Last updated on January 13th, 2019
A recent IRS ruling opens the door for millions of workers who make student loan repayments to receive matching contributions into their 401(k) account.
Totaling over $1.41 trillion nationwide, student loan debt is a real problem. Young people walk away from college with both their diploma and a crippling amount of debt.
We’re setting an entire generation up for failure.
And while I have been lucky enough to pay off my student loans, my daughter is only a few short years away from college. That scares the hell out of me.
I stress to my kids the importance of saving for their future but how is someone in their twenties or thirties supposed to establish themselves in their career, start a family, and save for retirement while they are burdened with absurd student loan payments?
And you don’t have to go to Harvard or Yale to find yourself deep in debt. These days, even an average college will cost you.
Inevitably, something has to give.
Here’s the problem:
While financial experts and personal finance bloggers alike continuously advise you to max out your 401(k), most people just simply can’t afford that.
So when faced with crippling student loans, rent, and other bills that need to be paid, 401(k) contributions are often sacrificed.
After all, retirement is a long time away and you’ll have plenty of time to catch up later. Right?
Well, the problem is that waiting until you’re in a better financial situation to start saving for retirement will significantly reduce your nest egg when you finally reach retirement.

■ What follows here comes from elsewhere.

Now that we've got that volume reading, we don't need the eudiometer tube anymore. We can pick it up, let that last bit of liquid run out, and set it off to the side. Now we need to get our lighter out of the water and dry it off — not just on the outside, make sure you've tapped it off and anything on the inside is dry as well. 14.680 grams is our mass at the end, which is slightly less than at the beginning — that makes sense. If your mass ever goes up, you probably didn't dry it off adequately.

Even worse, you can put off saving forever while you wait for the right time and then be left with nothing at all in retirement.
SLR Nonelective Contributions – A New Hope
A new ruling by the IRS might just make it possible for you to both pay down your student loans and save for retirement.

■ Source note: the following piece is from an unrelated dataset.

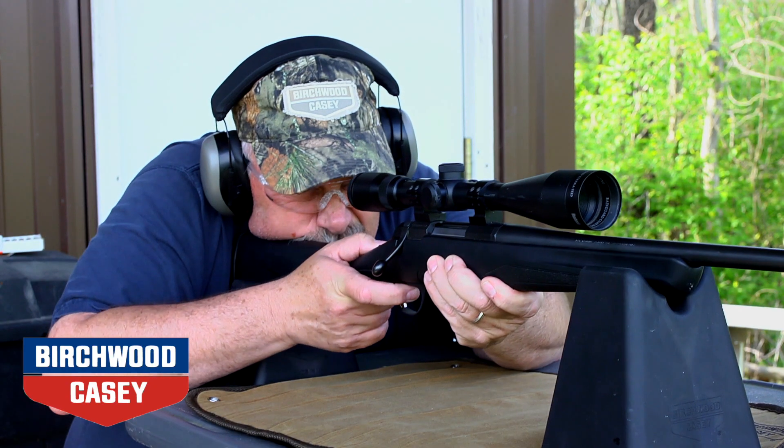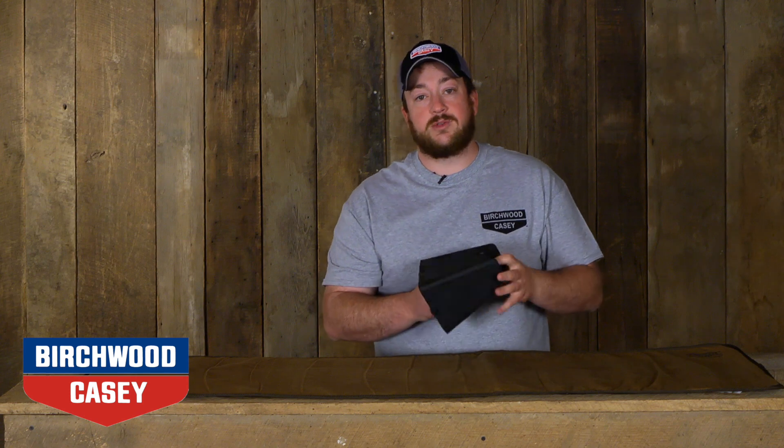Made right here in the USA, the new Nest Rest Shooting Rest from Virtual Casey gives shooters a lightweight rest to take to the range. The new Nest Rest consists of two soft rubber shooting rests that can be fit together for compact storage.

It’s still early and there are many details to be worked out, but here’s what we know so far.
The ruling technically only applies to a single employer who specifically asked the IRS for an opinion because they wanted to offer an employer match to their employees who are saddled with student loans. The IRS opinion letter states that the specific provisions suggested by this company do not violate any sections of the code.
That’s great news!
Because if one company is looking to offer this benefit and the IRS says it is okay then you expect many others to be interested and before long this will likely be written directly into the code and offered widespread.
Here’s a breakdown of how the match would work in the specific example laid out in the IRS ruling (keep in mind your company’s match could be different):
Let’s say you earn $4,000 per month. As long as you make a student loan payment equal to at least 2 percent of your pay ($80), you’d receive a student loan repayment nonelective contribution (SLR NEC) of 5 percent ($200) into your 401(k) at the end of the year.
So just like that you’d have $2,400 contributed into your 401(k) and all you had to do was continue making your student loan payments on time!
It’s important to remember that nothing is finalized yet. It’s possible there will be no government support for this idea and it will never get off the ground.
BUT, I think it will happen. Student loan debt is a huge problem and I think this is an effective way for people to pay down their debt and save for their future at the same time.
It may take some time to hammer out all the details and the final product might not look exactly like what we’ve heard so far, but personally I think it’s only a matter of time.